I really love sarcasm.
It’s like punching people in the face but with words.

@SvnSxty

Wife: I remember your proposal

Me: Oh yeah?

Wife: It was so romantic

Me: It was?

Wife: You put in so much effort

Me:

Wife: That was Steve?

Me: That was Steve

@_ElvishPresley_

What do we want?!

A WRITER WHO CAN WRITE SHORTER PROTEST CHANTS FOR US THAT SUCCINCTLY ILLUSTRATE OUR DEMANDS!

When do we want it?!

NOW!

@portmanteauface

2019: gonna take my horse to the old town road

2020: gonna have to eat my horse

@Steven37366100

Me: Like Icarus, I flew too close to the sun.

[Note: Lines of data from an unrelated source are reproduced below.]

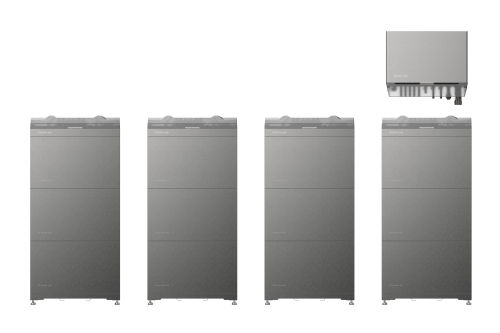 EcoFlow PowerOcean Plus (3-Phasig)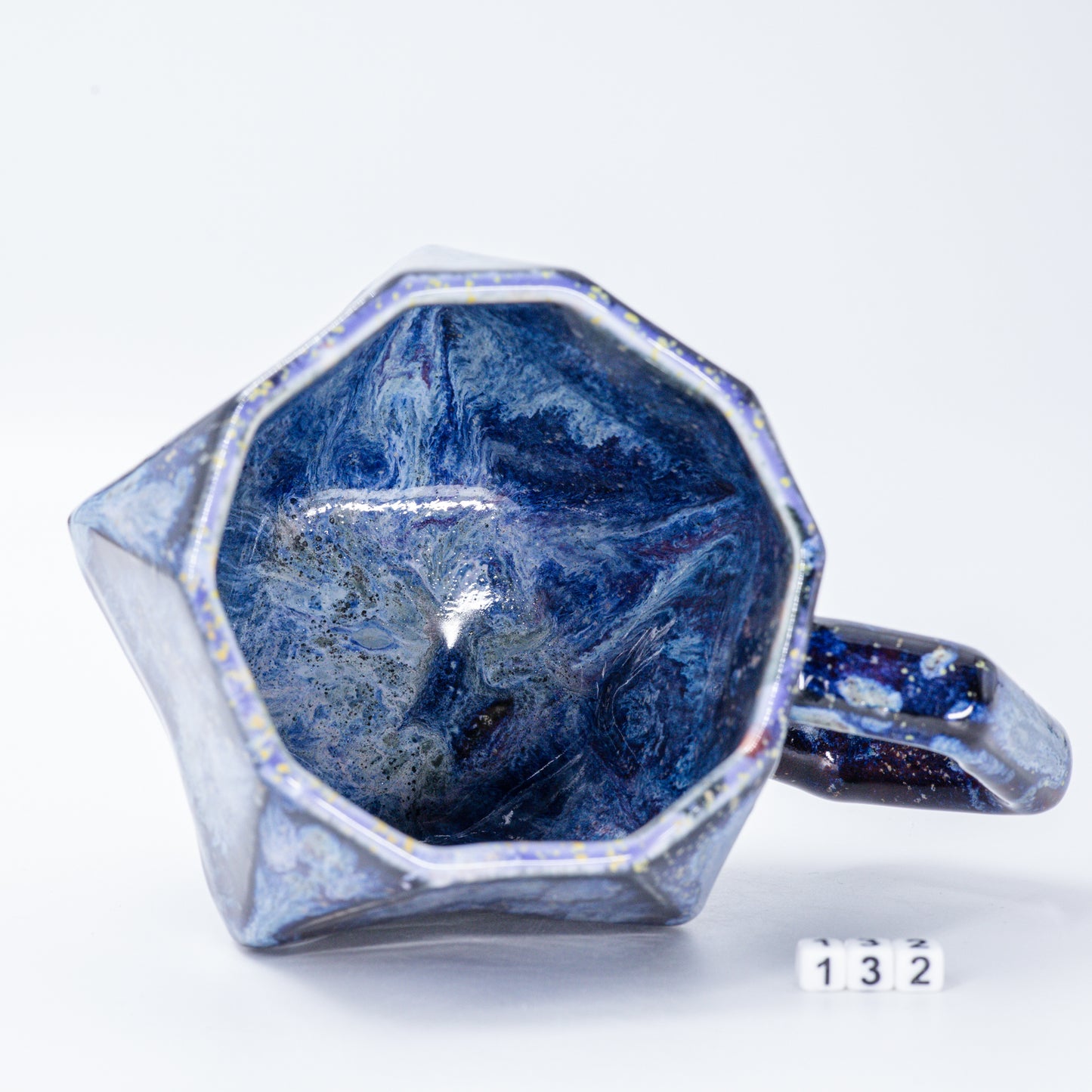 Geometric Mug 380ml #132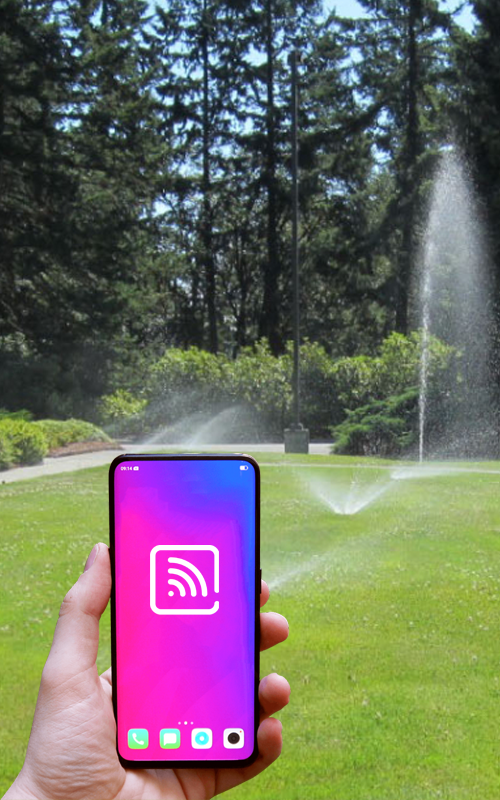 Sprinkler company Westbury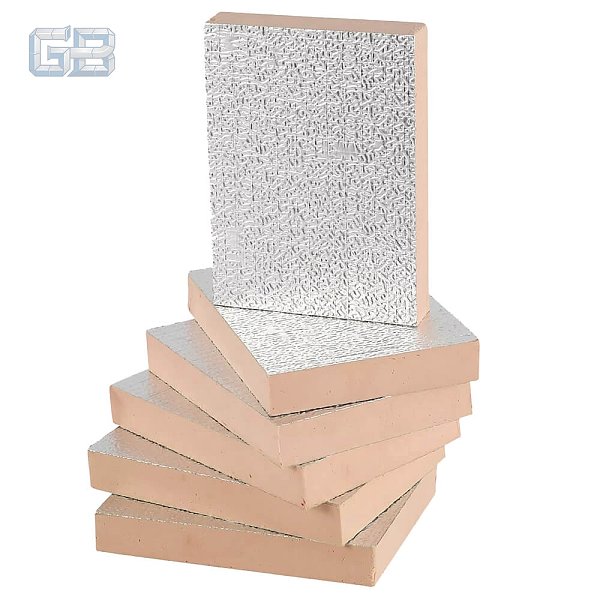 Phenolic Foam PID Duct Board | Class A Pre-Insulated HVAC Air Duct Panel Phenolic Foam PID Duct Board | Class A Pre-Insulated HVAC Air Duct Panel
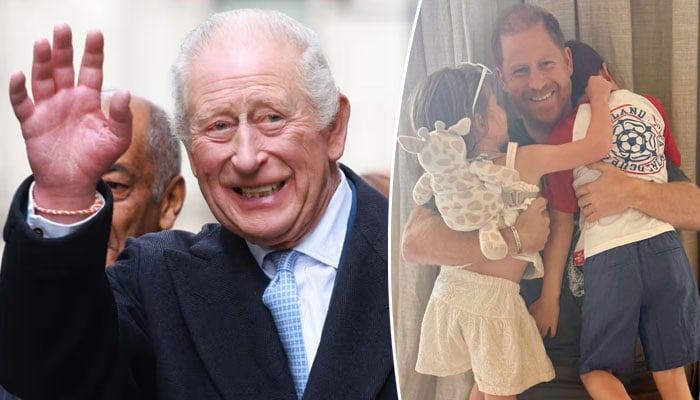 Archie, Lilibet special Sunday plans with King Charles laid bare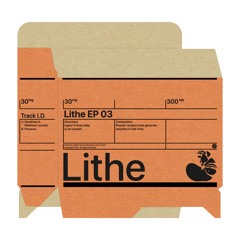 Lithe - Dendrites (w/ Matthew Laundro)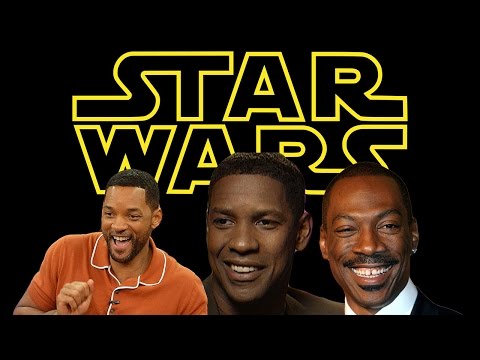 Star Wars: The Lost Han Solo Auditions (Celebrity Impressions)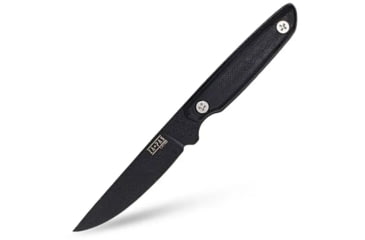 Image of ZA-PAS Knives EHO Fixed Blade Black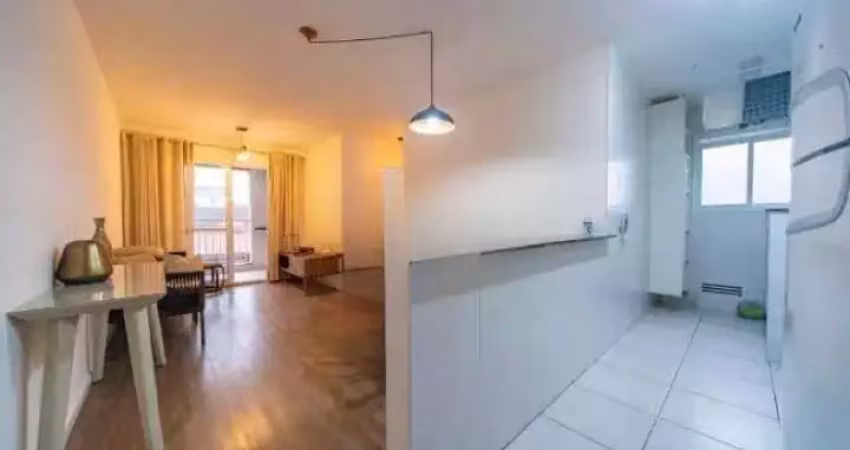 Apartamento de 60 m² no vila príncipe de gales, santo andré – venda com custos previsíveis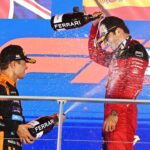 Having Several Rounds of Golf With Lando Norris Didn’t Help as Carlos Sainz Loses to Novak Djokovic’s Team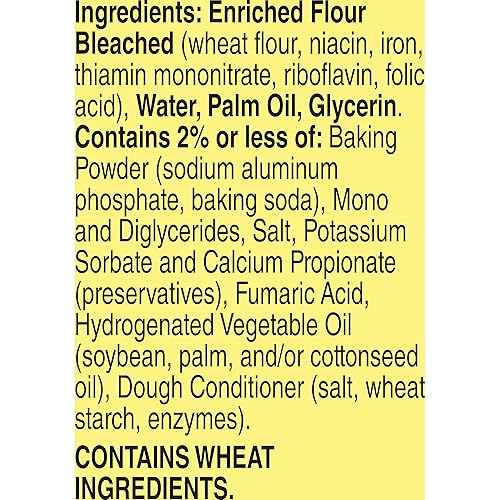 Miniatura 3 de Old El Paso Tortillas de harina para burritos, preparación de comidas, 8 unidades, 11 onzas (paquete de 6)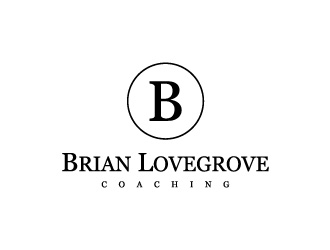 Brian Lovegrove Coaching  logo design by sndezzo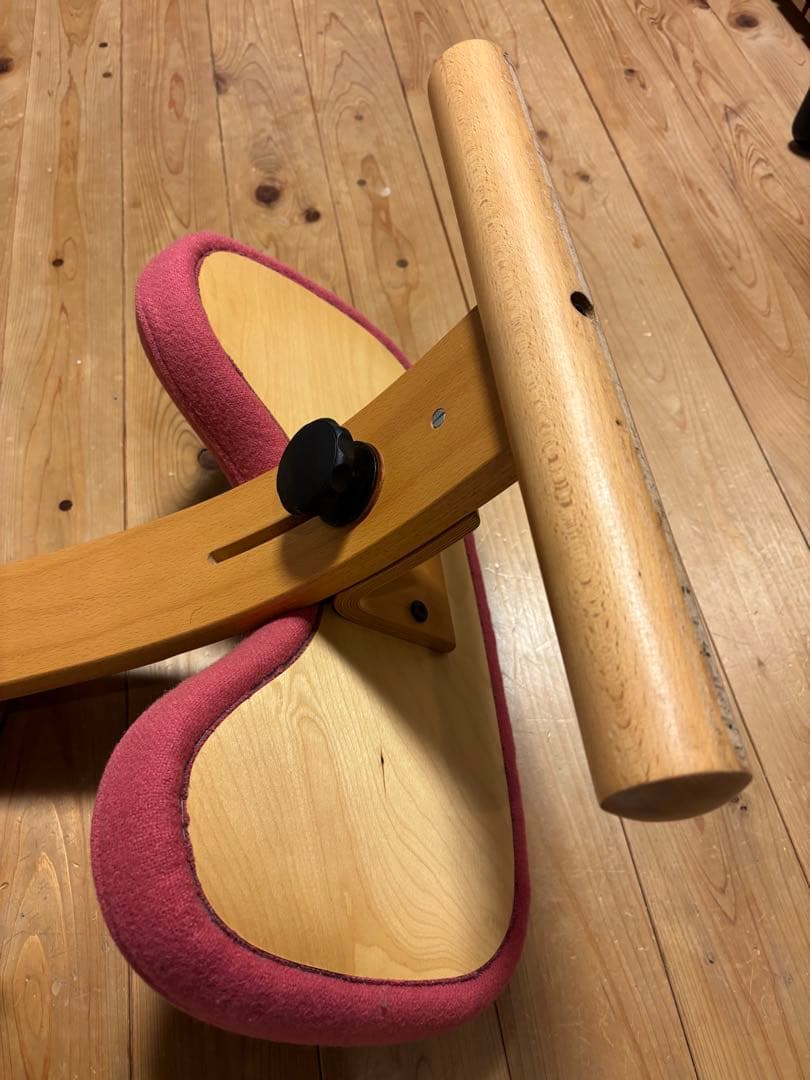 リボ　バランスチェア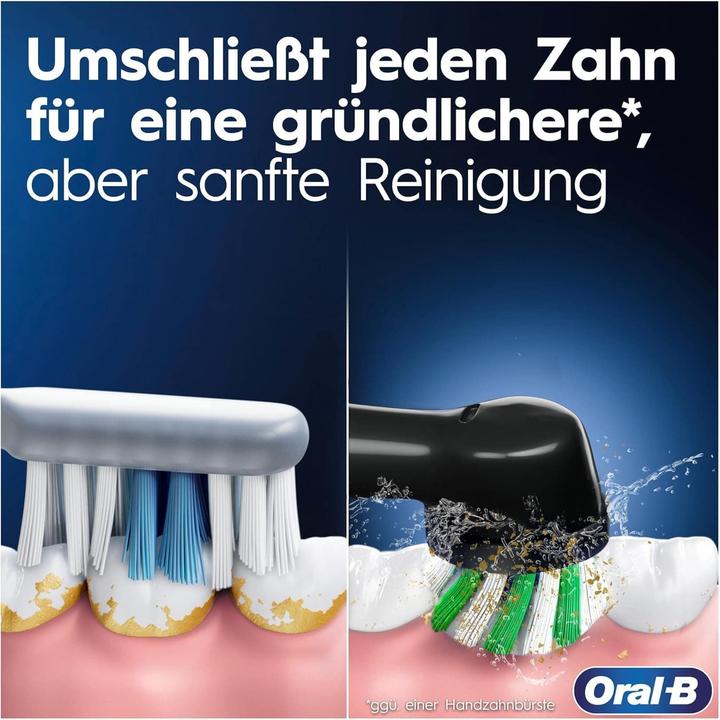 Image du produit Oral-B Brosse à dents électrique Vitality Pro X Clean (Brosse à dents oscillo-rotative)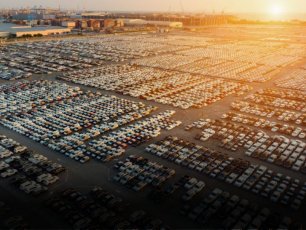 Sprzedaż nowych samochodów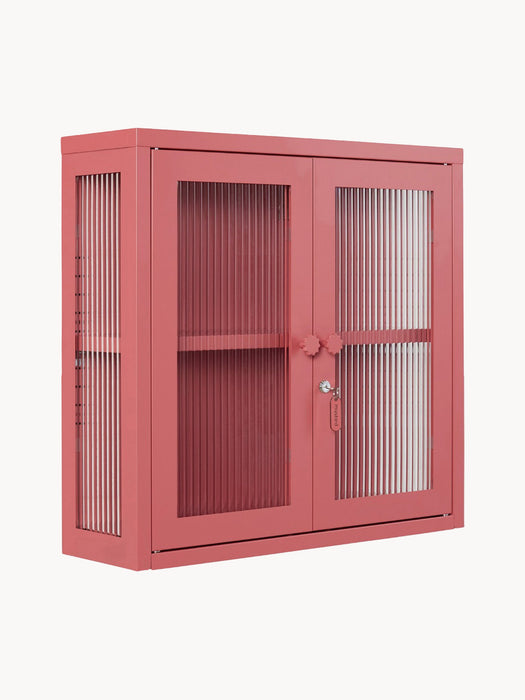 Wall Display Cabinet The Kit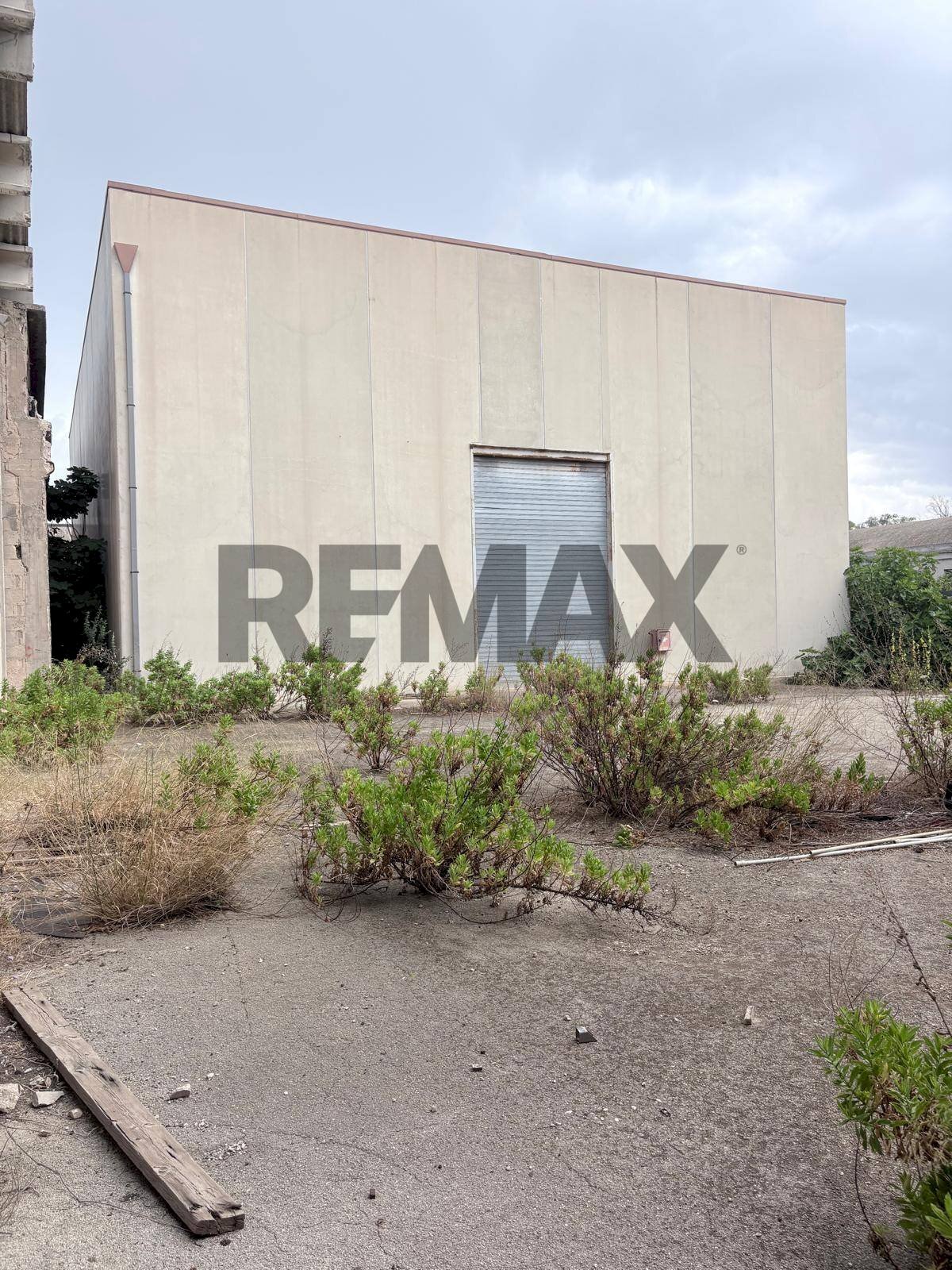 Edificio all\'aperto - Capannone STRADA STATALE 114
48, Siracusa - foto 3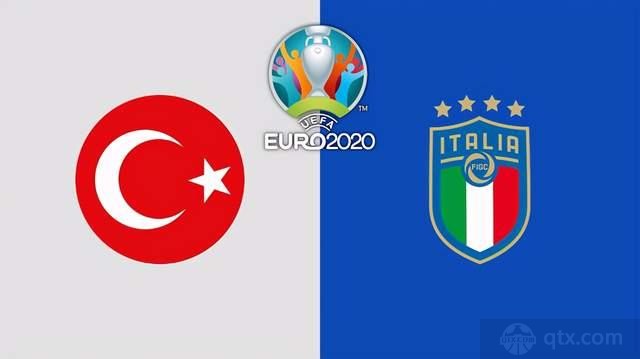 意大利vs土耳其比赛直播时间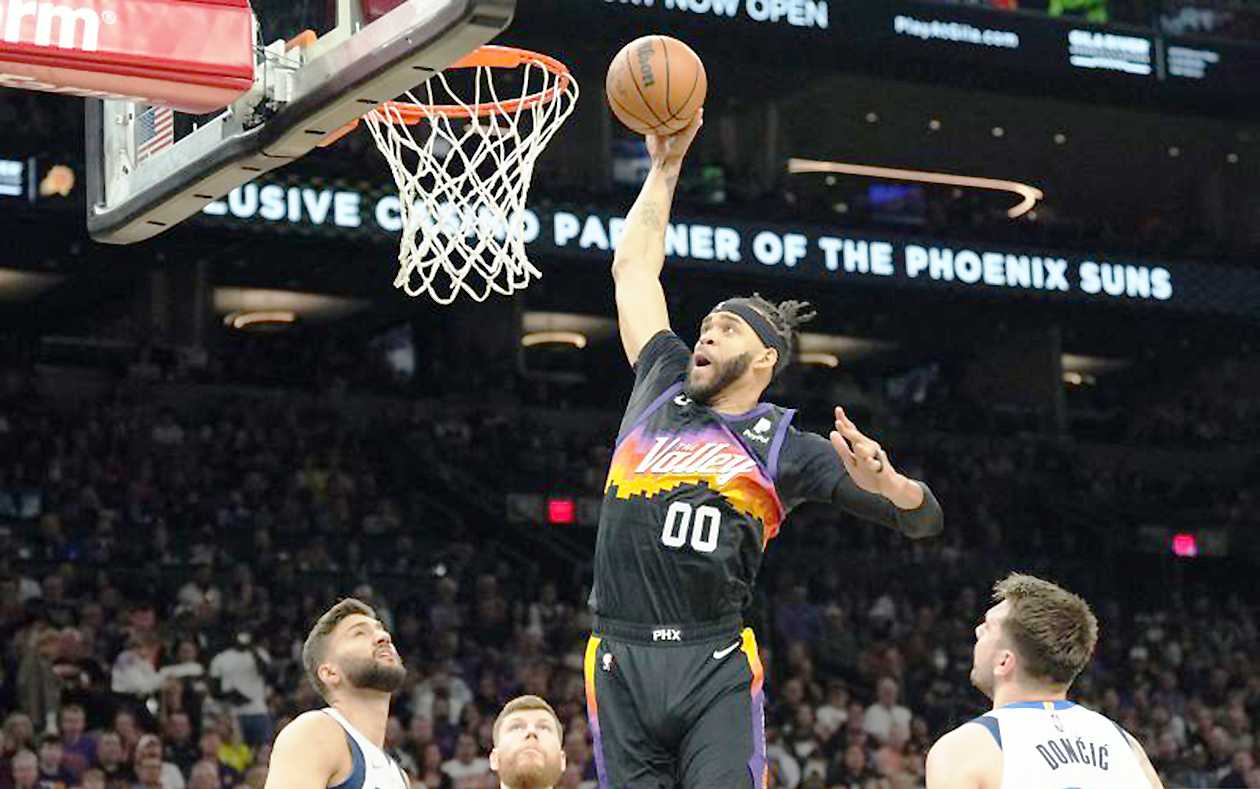Miami Heat dan Phoenix Suns Sukses Menangi Gim 1 Playoff NBA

Wife: You singed your eyebrows using the deep fryer. Again.

@GrantTanaka

this one time, I was able to rob a bank armed with nothing but a notebook filled with poetry I wrote in the 8th grade

@hidingfromme

All the women moaning about finding a husband obviously never had one.

@dresspants

I don’t want to brag but I have a really nice bum. Found him under the bridge.

@Los01001111

I put another shrimp on the barbie and now Ken is all pissed off.

@WoodyLuvsCoffee

Got thrown out of the theater during the Superman movie but was able to sneak back in by putting on glasses.